Dataset content: Begin

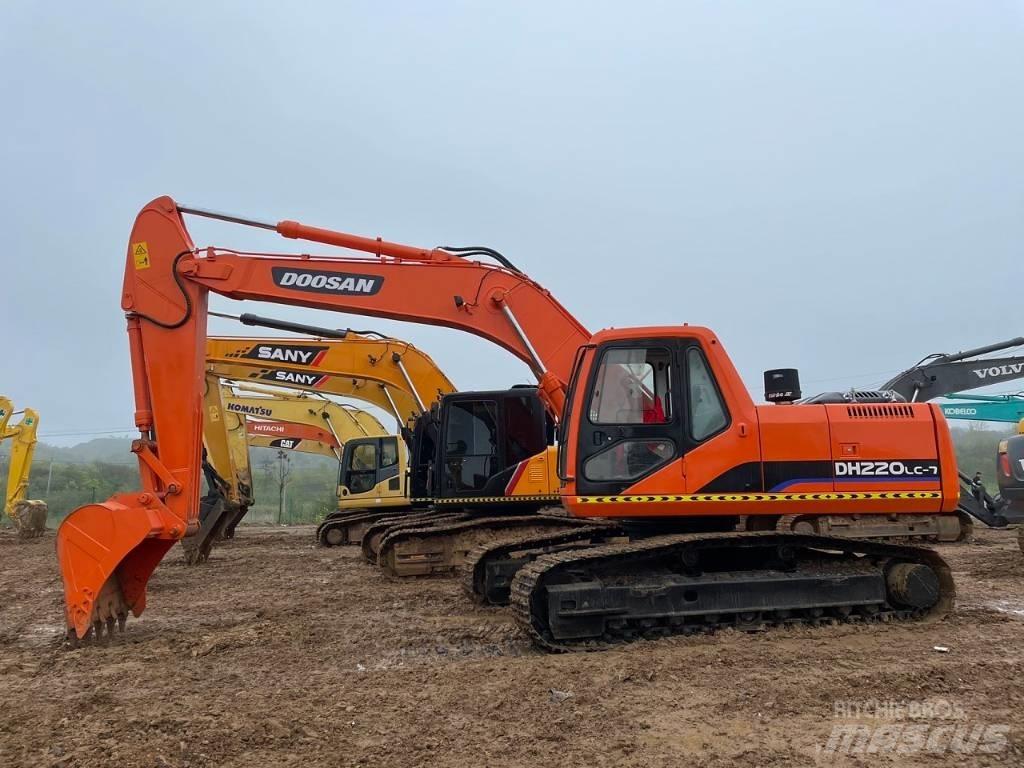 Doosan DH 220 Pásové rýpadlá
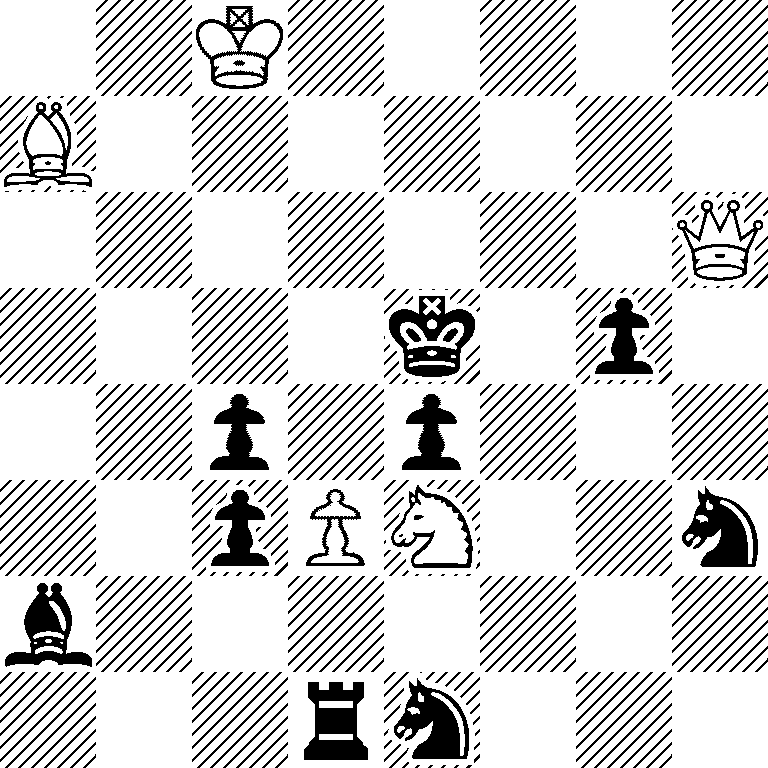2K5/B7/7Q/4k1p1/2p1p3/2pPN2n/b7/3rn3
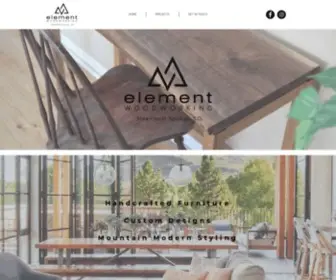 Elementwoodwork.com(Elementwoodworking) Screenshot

Dataset content: End

* Assignment
Beginning with the line that contains "2K5/B7/7Q/4k1p1/2p1p3/2pPN2n/b7/3rn3" and ending with the final line of the material, reproduce those lines exactly and nothing else. Omit the pictures.

* Response to the task
2K5/B7/7Q/4k1p1/2p1p3/2pPN2n/b7/3rn3
 Elementwoodwork.com(Elementwoodworking) Screenshot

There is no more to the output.